→ **Try it**
Please repeat the whole listing exactly, but leave out any picture it holds.

→ **Data below**
☆ ☆ ☆ ☆ ☆
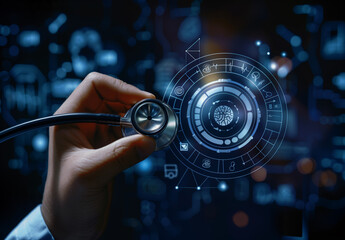 Doctor holding a stethoscope with digital health technology symbols in the background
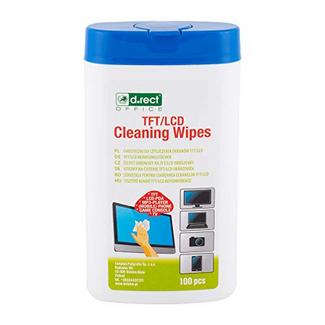 Toalhitas de limpeza para monitores TFT/LCD – pack de 100 unidades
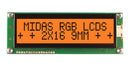 Midas MD21609A6W-FPTLRGB MD21609A6W-FPTLRGB Alphanumeric LCD 16 x 2 Black on RGB 5V Transflective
☆ ☆ ☆ ☆ ☆
→ **Worked solution**
 Doctor holding a stethoscope with digital health technology symbols in the background
 Toalhitas de limpeza para monitores TFT/LCD – pack de 100 unidades
 Midas MD21609A6W-FPTLRGB MD21609A6W-FPTLRGB Alphanumeric LCD 16 x 2 Black on RGB 5V Transflective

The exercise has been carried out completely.